I don't show but I would think that they are judging horse and rider not the tack....:wink:


----------



## QHDragon (Mar 6, 2009)

I know that they are suppose to judge horse and rider, however sometimes tie breaks come down to tack and appearance. Plus we all know the politics of horse shows...


----------



## farmpony84 (Apr 21, 2008)

The AQHA circuit is definitely a fad driven circuit as far as tack and dress but I've seen all colors and brands of tack out there. I think you'll be fine in black tack. Just keep it clean and present yourself well...


----------



## Dartanion (Dec 8, 2008)

You should be fine in black tack, I looked up some pictures/results from congress and World in 2009 to see if there were any black tack goes and I foudn this: (couldn't find any world pics that were not fuzzy)
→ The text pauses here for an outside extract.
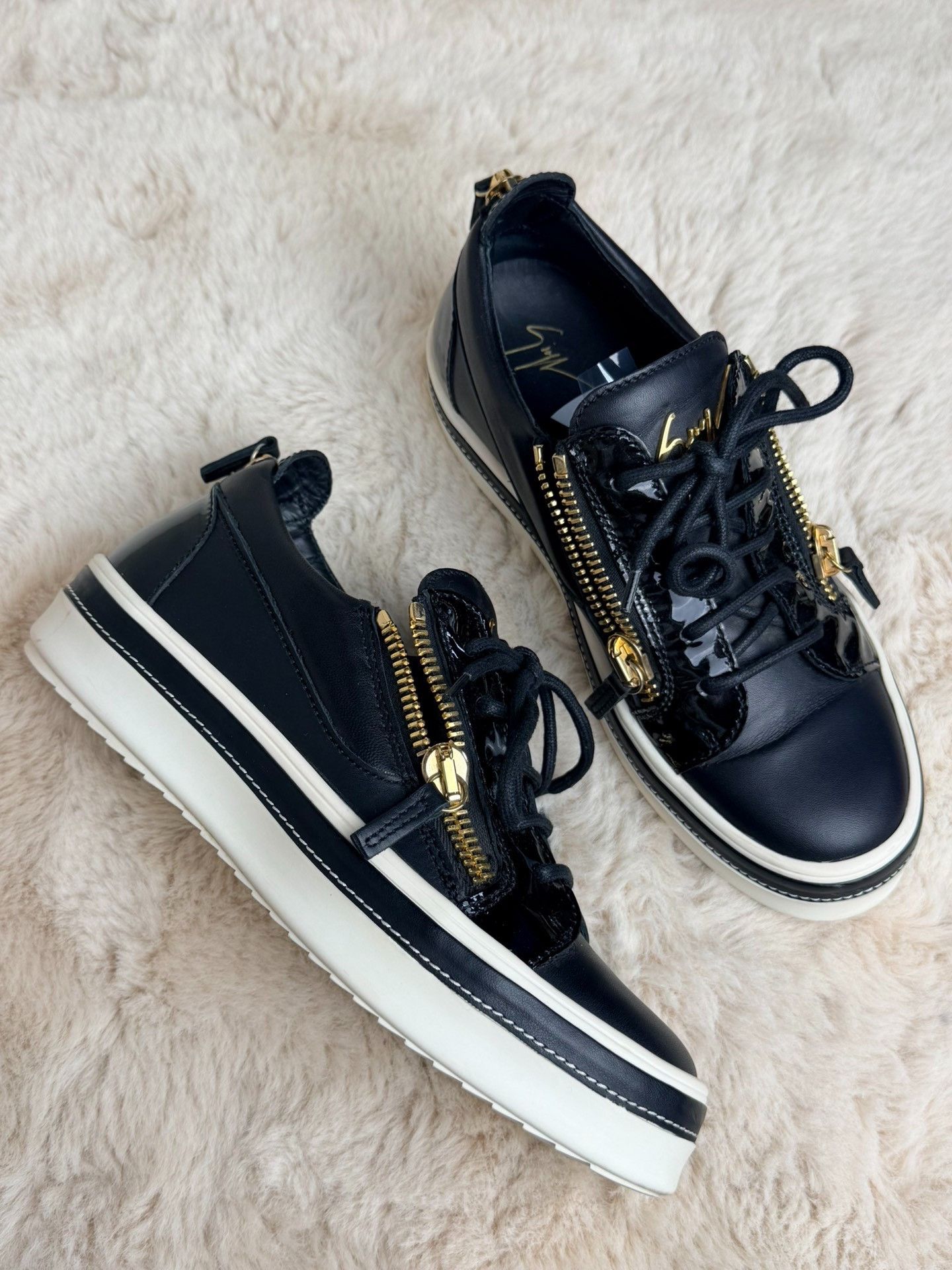 Giuseppe Zanotti Giuseppe Zanotti Gold Lowtop Sneakers us_7 Women Size US 7 / IT 37 - 3 Thumbnail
2009 AQHA Congress HUS Futurnity Open Finals (1st place)Horse: Skys Blue Eyes







2009 AQHA Congress HUS Futurnity LTD Finals (1st-place)Horse:Skys Blue Eyes







2009 AQHA Congress Youth HUS 12-14yrs Place: UnknownHorse: Looks like Sky, but Sky wasn't listed in the placings.







2009 AQHA Congress Youth 12-14 Hunt Seat Eq Finals(It seems like darker leather to black is popular amoungs lighter horses)








It does seem there are some dark oil/black bridles out there but hard to tell with some of the saddles. Hope this helps  There was a winner at congress with in the least a black bridle


----------